(Extracted material):
________________________________________

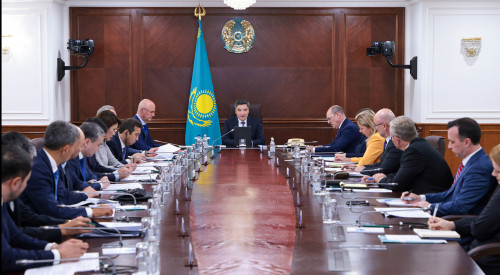 ينۆەستيتسيالىق احۋالدى جاقسارتۋ ماسەلەسى تالقىلاندى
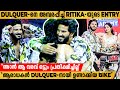 Dulquer   bikedulquer   surprise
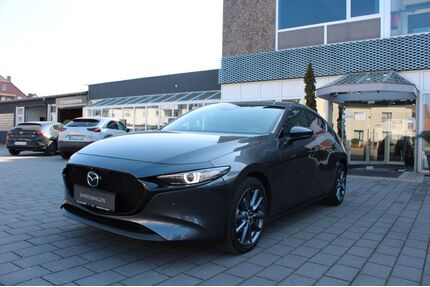 Mazda 3 Gebrauchtwagen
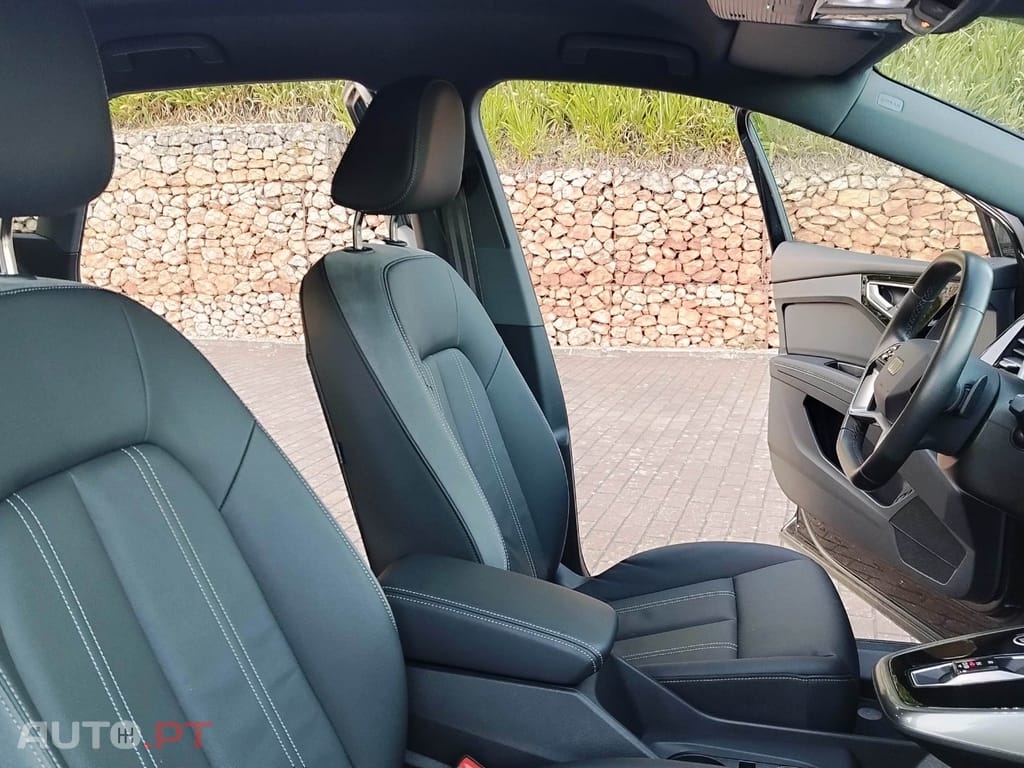 Audi Q4 E-Tron 50 quattro 82 kWH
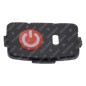 Switch for ATTILA battery-powered scissors COMPATIBLE - 057091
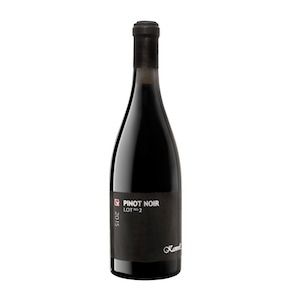 Skopje Pinot Noir  by Château Kamnik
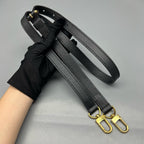 Louis Vuitton Black Messenger Bag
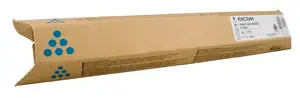 Картридж с тонером Ricoh 828317 Cyan оригинальный, ресурс 48 000 страниц, 1 шт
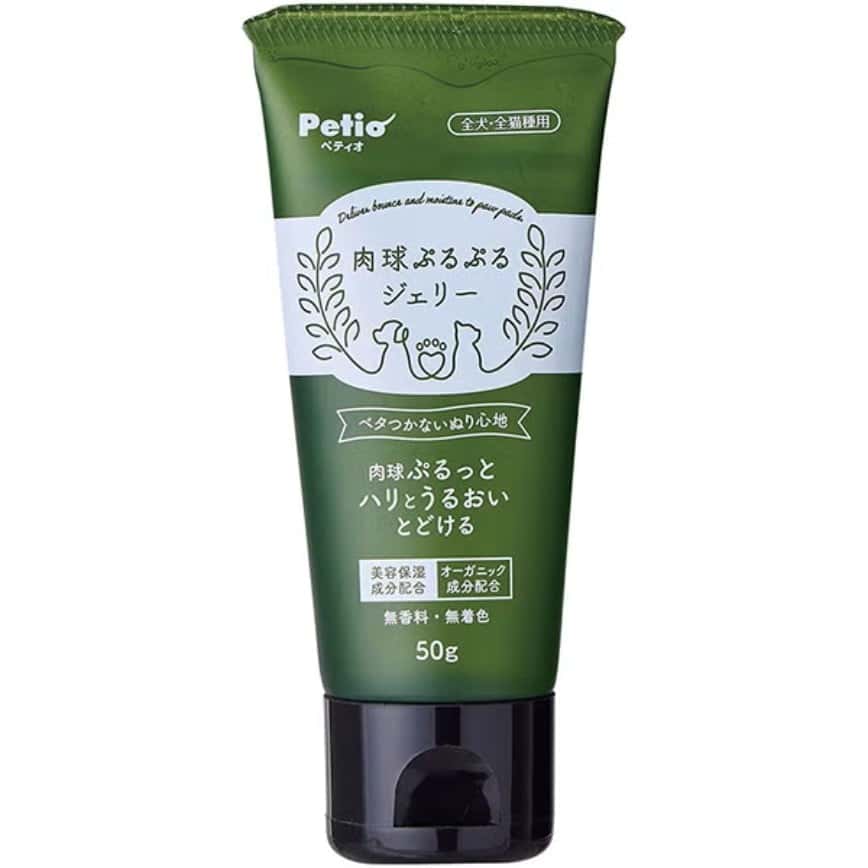 Petio 貓犬用 肉球保濕Q彈護理凝膠 (81606009) (img2)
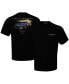 ფოტო #2 პროდუქტის Men's Black Jimmie Johnson Carvana T-shirt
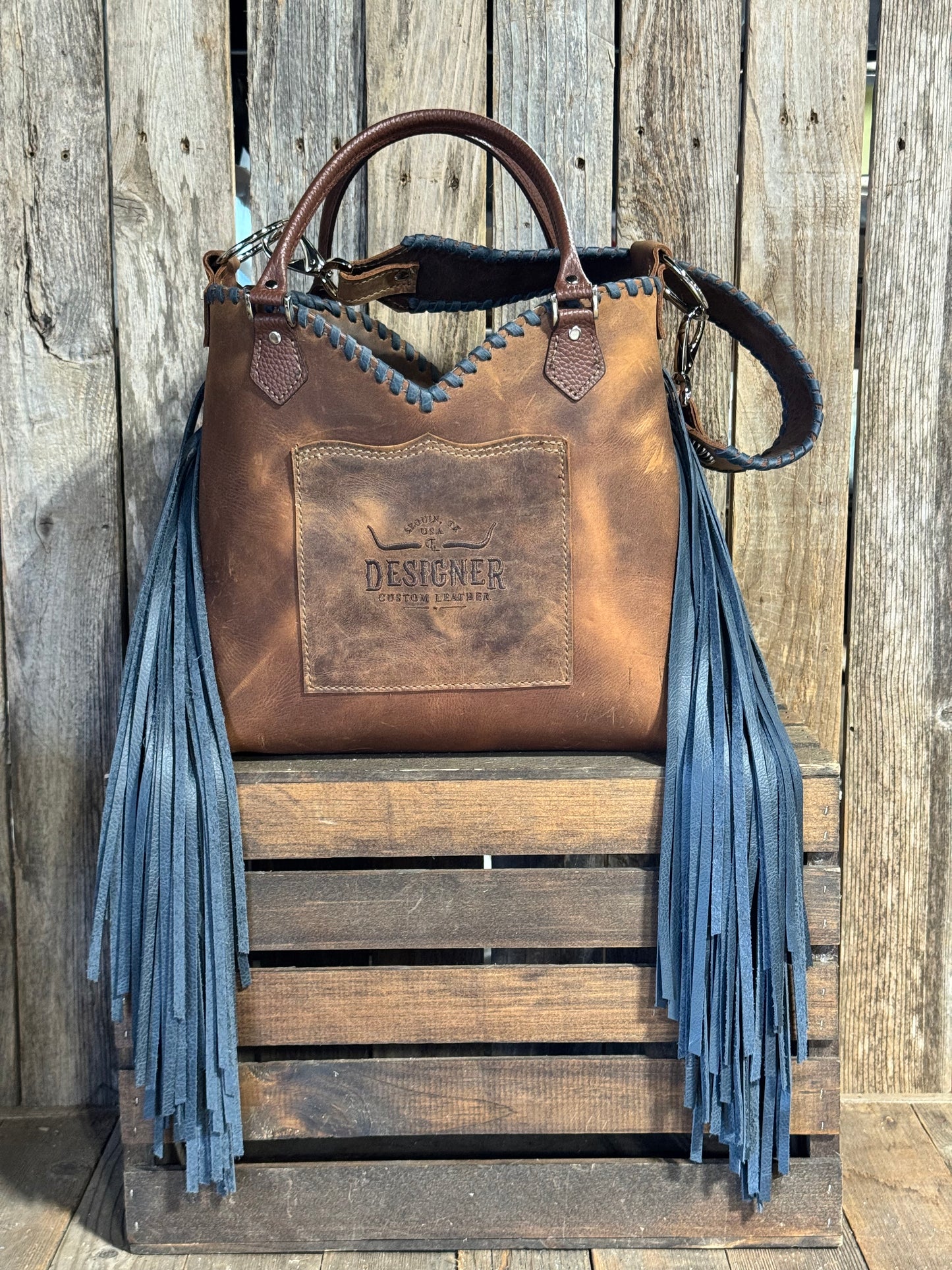 Medium Boot Top #8207
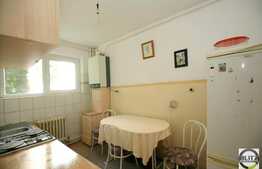 Vanzare apartament cu 2 camere, 51,23 mp, boxa, zona strazii Calea Floresti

________________________________________

(Goal of the exercise): Repeat all the material above exactly, apart from the pictures.

(Solution):
 ينۆەستيتسيالىق احۋالدى جاقسارتۋ ماسەلەسى تالقىلاندى
 Dulquer   bikedulquer   surprise
 Mazda 3 Gebrauchtwagen
 Audi Q4 E-Tron 50 quattro 82 kWH
 Switch for ATTILA battery-powered scissors COMPATIBLE - 057091
 Skopje Pinot Noir  by Château Kamnik
 Louis Vuitton Black Messenger Bag
 Картридж с тонером Ricoh 828317 Cyan оригинальный, ресурс 48 000 страниц, 1 шт
 Petio 貓犬用 肉球保濕Q彈護理凝膠 (81606009) (img2)
 ფოტო #2 პროდუქტის Men's Black Jimmie Johnson Carvana T-shirt
 Medium Boot Top #8207
 Vanzare apartament cu 2 camere, 51,23 mp, boxa, zona strazii Calea Floresti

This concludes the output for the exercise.